Board Game Gives Insights into Making Hard Choices in Architecture
April 8, 2010—There are several ways to learn about software architecture. You could read Software Architecture in Practice, Second Edition by Len Bass, Paul Clements, and Rick Kazman. You could join the software architecture community and comment on insightful blog posts and forums. You could take a class such as the Software Architecture Principles and Practices course, which is available both at the SEI and online. But did you know that you can also learn about essential software architecture principles and practices by playing a board game?
The “Hard Choices” board game was developed by Ipek Ozkaya, Nanette Brown, and Robert Nord of the SEI, as well as Philippe Kruchten and Erin Lim of the University of British Columbia. They based the game on Quality Tree Software’s “Short Cut” game.

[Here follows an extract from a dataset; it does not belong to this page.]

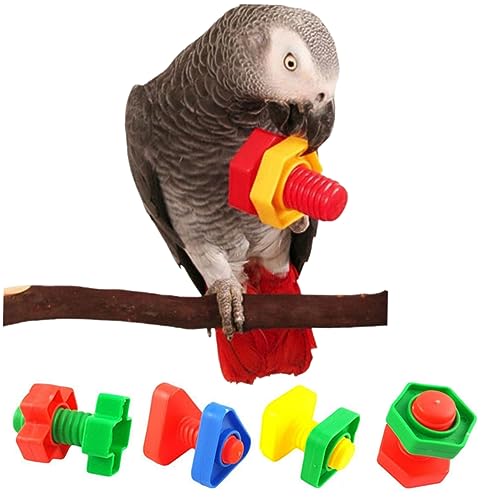 YARNOW 4stücke Kunststoff-vogelkauspielzeug Groß Mittelgroß Käfig-beißspielzeug Schraubenform Trainingsspielzeug Für Papageien Sittiche Und Andere Kleine Vögel von YARNOW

As Lim said in an entry on the SATURN Network blog, “The purpose of Hard Choices is to help players recognize, develop, and learn strategies for managing uncertainty, risk, options, and technical debt.”
The Hard Choices game board represents the development cycle for a piece of software. In the quest to become the market leader, players race to be the first to release a product to the marketplace. The goal of the game is to try to finish with as many points as possible. Players earn points for landing on a square with a tool (earning one point) or by not finishing last (anywhere from one to five points).
However, the hard choices come when players decide whether or not to take shortcuts and incur penalties, or to traverse the board more slowly and potentially earn more points. The researchers on the team are interested in understanding the strategies that people employ during software development in the face of uncertainty, and in the choices they make in the game about investing effort to gain an advantage or paying a price to take shortcuts. Hard Choices takes about an hour to play and includes a debriefing session afterward so that players can discuss their playing experiences.
Sixteen members of Agile Vancouver played a sample version of Hard Choices on March 1. Lim reported that as they played the game, the conversations shifted from simply double-checking the rules to discussing strategies for finishing and winning the game. Players also had a chance to discuss the game in the debriefing and post-game strategy session.
Lim writes, “One player commented that he decided to play aggressively and to take as many shortcuts as possible so that he could finish first and collect the extra bonus points. At the same table, another player decided to play conservatively, avoiding all the shortcuts but collecting points instead. When the game was finished, the conservative player ended up winning the game over the aggressive player because, over time, the aggressive player became paralyzed by all the penalties he had accumulated from taking shortcuts.”
Once the game is finalized, Hard Choices will be available for download under a Creative Commons license. But if you’d like to play it before it’s released, you’ll have a chance to try it out at the SATURN 2010 conference. The Co-Operative Learning event on agile software development and software architecture on Friday, May 21, will give you a chance to play Hard Choices along with other SATURN 2010 attendees.